父上…もとい、国王陛下から祝いの言葉を賜り終えれば、各々流され始めた曲に合わせパートナーとダンスをしたり、食事や交流を楽しんだりと様々だった。
勿論私達もダンスを楽しませてもらった。

「やっぱり、今日のリリィは誰よりも素敵だよ」
「まぁ…、ふふ、ケイト様が気に入ってくださったのなら、それだけで満足ですわ」

ステップを踏みながらの二人の会話は曲に拐われ掻き消えてしまうも、皆の視線が私達の仲睦まじさを雄弁に語る。
でも少しだけ不満な事がある。

「…やっぱりもう少し控えめなドレスの方が良かったかな…?どちらもきっと似合うけど、皆がリリィに見蕩れてるのが気に入らない」

は、と気付いた時にはもう遅かった。口から本音がダダ漏れだったのだ。流石に恥ずかしいと思いながらもリリィに視線を移すと、頬を染めるリリィがそこに居た。リリィの肌が白いせいで、その朱はよく映えていて…見蕩れているのは私の方だったのだ。

「わたくしも、同じことを考えていましたわ」

そう言ってよりいっそう体を寄せてくるリリィを抱き留め、幸せだと笑った。
一曲が終われば一度ダンスを止める。名残惜しいが、少しばかりこの手を離さなければいけない。それを知ってか知らずか、リリィの方から手をするりと抜け出していってしまう。
ずっと二人だけで、踊っていられたらいいのに。そんな溜息はこつ、と細く細工されたヒールの音を立てて目の前に現れた友人に消されてしまう。

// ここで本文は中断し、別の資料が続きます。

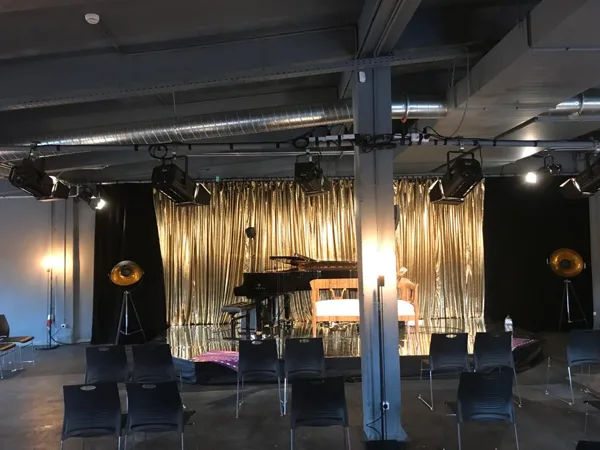 Oratorio stage lighting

「全く、お二人を見ていると妬けてしまいますよ。殿下、一曲お願い出来ます?」
「ああ、勿論だよ、アンネ」

アンネリーゼ・ロンディ伯爵令嬢。彼女と最初に話したのは三回生になった頃だっただろうか。生徒会の仕事が溜まっていた時、ルークがサポートとして彼女を連れてきてくれたのが切っ掛けだった。
頭の回る彼女には何度か助けられた。敏腕秘書とでも表そうか。度々サボるフォードを探し当て連れてくるのも彼女の役目だった。

「卒業おめでとう、アンネ。許されるならアンネを側近として迎えたかったくらいだよ。」
「ケイト殿下もご卒業おめでとうございます。…勿体ないお言葉ですわ。ですが、どこの国を回っても殿下の側近が女性なんて話、聞いた事ありませんよ?」
「それなら私達が第一人者になればいい。前例がないなら作ってしまえばいいのさ」
「もう…。貴方ってそういう方でしたね。ですが私も商人としての仕事があるので無理です」

こうきっぱりと断ってくれるのも彼女のいいところなんだと思う。
考えてみます、なんて答えではぐらかさず、無理だ、なんて王太子殿下に言える女性は彼女くらいだろう。

「…、リリーナ嬢の事、よろしく頼んだよ」
「ええ、勿論。王太子殿下からのご命令ですもの」

そう言って笑った彼女は私から体を離し、早々に声を掛けてきた男性とまた踊り始めた。

実は彼女には、リリィの従者としての仕事をお願いしていた。勿論彼女は彼女自身が商人として経営している店に影響が出ない程度という約束だが。
アンネもまた、アイシアを警戒してくれている一人だ。食堂の騒ぎのあったあの日、リリィの護衛は本当に大丈夫なのかと問いかけてきたくらいだからね。

そして何より、剣技を得意としている。
商人より騎士団に入った方がいいのでは…?というくらいには強い。前に、嘗めて掛かってきたからという理由で騎士組の何人かを相手に無傷で帰ってきた。勿論相手の者達はボロボロだ。残念だったね、喧嘩を売る相手を間違えてしまうなんて。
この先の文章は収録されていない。